Spulciando fra i rapporti destinati alla Camera dei deputati, salta fuori un altro piano previsto per il ripristino delle scuole, che dal nome evoca una certa urgenza: Piano straordinario stralcio di interventi urgenti sul patrimonio scolastico. L’ultima segnalazione dell’ufficio studi della Camera risale all’ottobre 2013: Su 1706 interventi ritenuti “urgenti” ne risultano ultimati soltanto 19. Forse scritto in lettere il numero sembra maggiore: diciannove. O forse no.

Anche senza una laurea in ingegneria edile, ciò che si profila non è esattamente la tabella di marcia che ci si aspetterebbe da Governi che, prima con la Gelmini, poi con la Boschi, hanno fatto del rinnovo della scuola medaglia da appuntare alla giacchetta.
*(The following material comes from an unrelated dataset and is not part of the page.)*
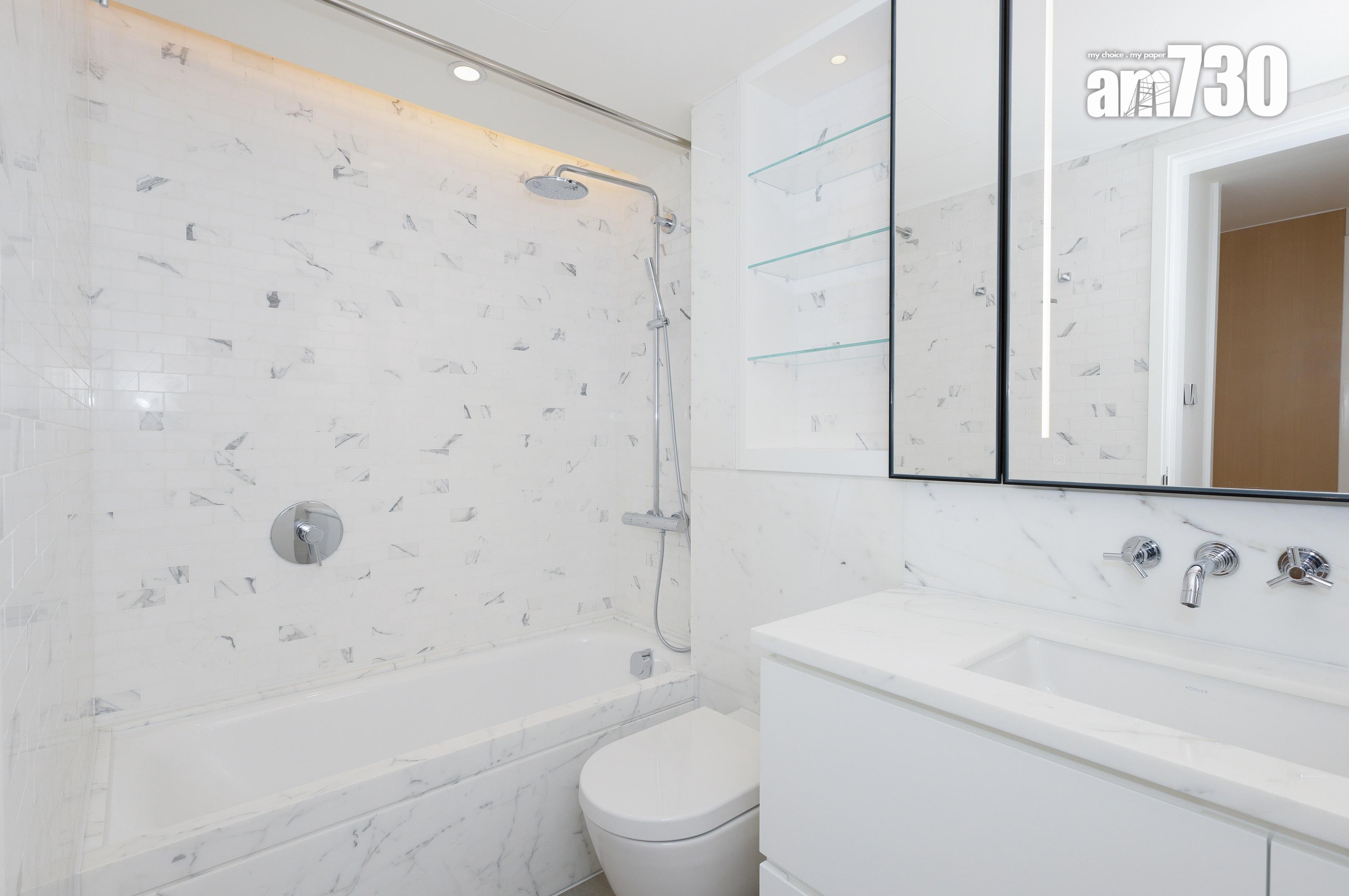 現樓單位|多圖!跑馬地THE ASTER 698方呎兩房 主人房特設衣帽間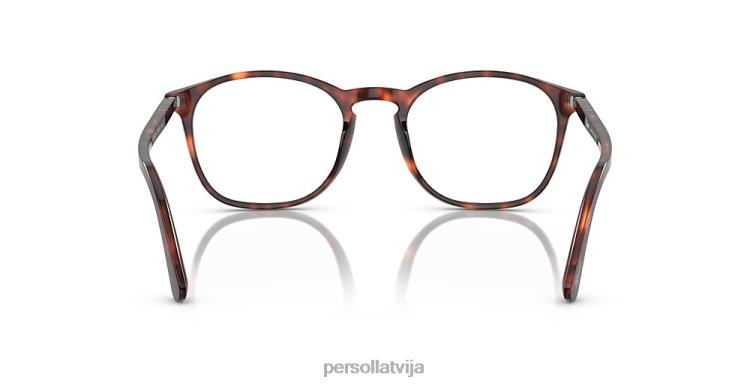 lv Persol po3007vm brilles havana 2JTZL559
E se può sembrare paradossale che le Ferrovie dello Stato attuino pedissequamente un piano di sicurezza  (al punto da negare le panchine ai viaggiatori) più di quanto abbiano fatto i Governi con gli edifici scolastici, l’ingegnere Carlo Emilio Gadda – che nemmeno per un istante e in nessun romanzo, racconto o favola smise di essere “l’ingegnere in blu” -novant’anni fa scriveva:

“La casa degli umani si trasforma. La nostra casa, oggi, non è più quella di trent’anni fa. Le ragioni? Ragioni tecniche, ragioni economiche: escluderei affatto le ragioni morali”.

Sfugge perché in Cina, nonostante il prezzo della carne suina sia ormai da otto anni ai minimi storici, gli allevatori della società agricola privata Guangxi Yangxiang stiano investendo negli alberghi a 13 piani, con ascensori dedicati e piani con impianti di ventilazione appositi progettati da un’azienda olandese, per allevarci scrofe e maialini.

Ormai prossimi alle distopie di Orwell, c’è da dire che l’unico specchio che non sfina né ingrassa le silhouettes della società è l’edilizia. Con i suoi tetti, i suoi interni, i suoi crolli e i suoi inquilini, l’edilizia restituisce l’immagine di chi siamo. Né più né meno.